=== Exercise objective ===
For this exercise, retype the lines from the one that holds "Newlyweds Page 11 - MangaHe" through the one that holds "Mountain Bike Helmet : YUNSHAO" in the records below, both included, exactly and without pictures.

=== Provided entries ===
*****

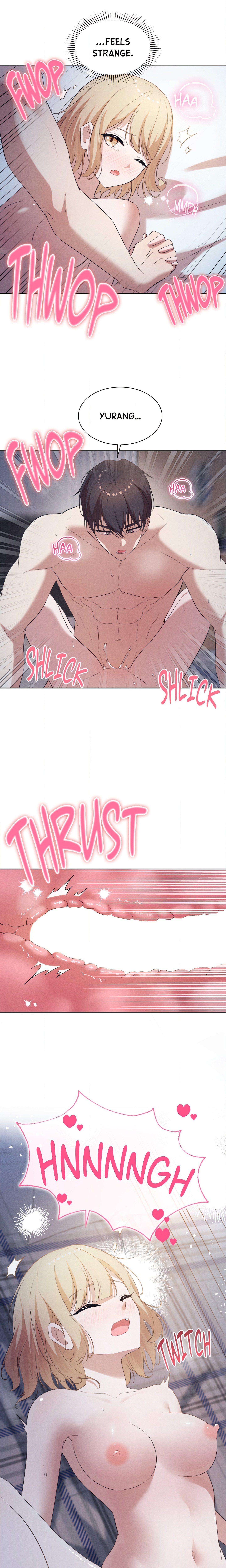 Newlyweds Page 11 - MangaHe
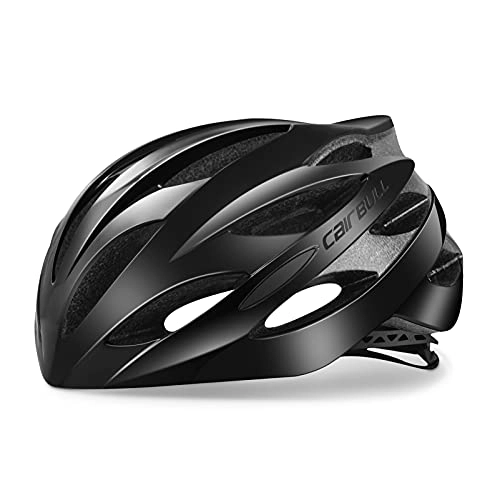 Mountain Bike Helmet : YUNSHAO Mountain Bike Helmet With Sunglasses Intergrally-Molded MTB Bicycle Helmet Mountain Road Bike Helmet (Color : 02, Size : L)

*****

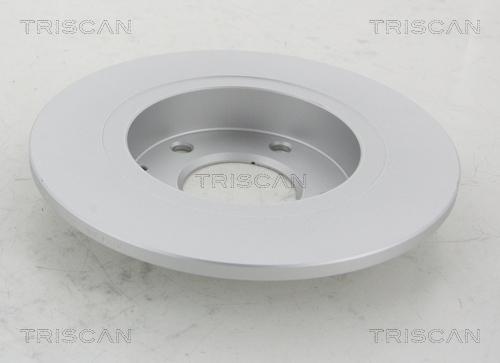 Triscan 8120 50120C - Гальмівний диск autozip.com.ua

*****

=== Output below ===
 Newlyweds Page 11 - MangaHe
 Mountain Bike Helmet : YUNSHAO Mountain Bike Helmet With Sunglasses Intergrally-Molded MTB Bicycle Helmet Mountain Road Bike Helmet (Color : 02, Size : L)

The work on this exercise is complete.